BRIEF => Repeat the data exactly, please; no pictures belong in the copy.

DATA EXTRACT =>
>>>>

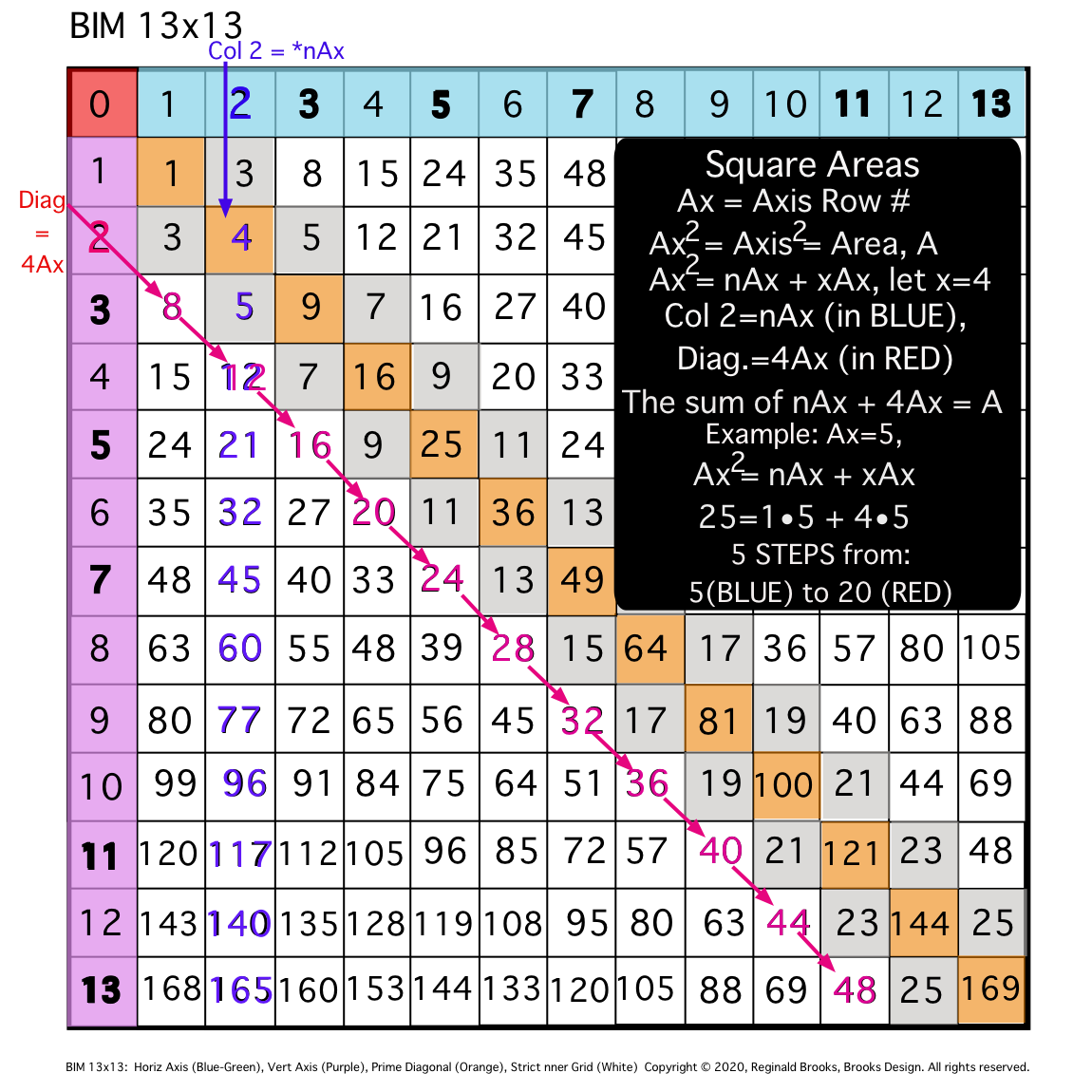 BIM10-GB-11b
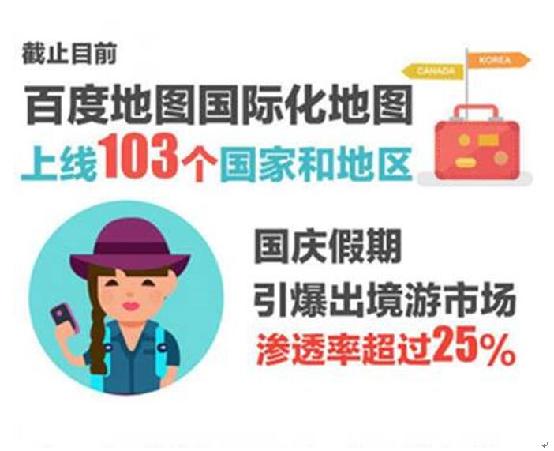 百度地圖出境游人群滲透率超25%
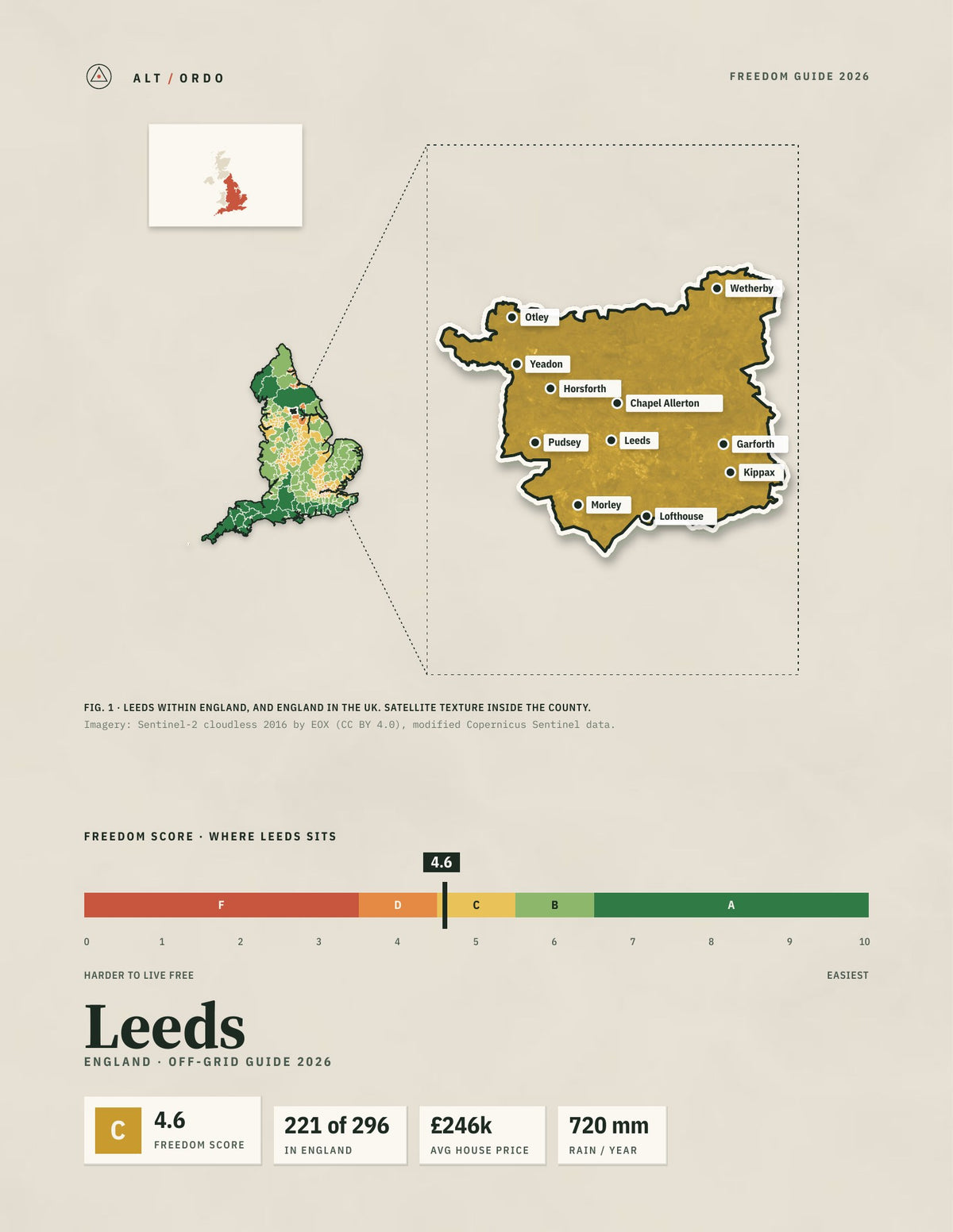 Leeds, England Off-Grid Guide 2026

<<<<

TASK RESULT =>
 BIM10-GB-11b
 百度地圖出境游人群滲透率超25%
 Leeds, England Off-Grid Guide 2026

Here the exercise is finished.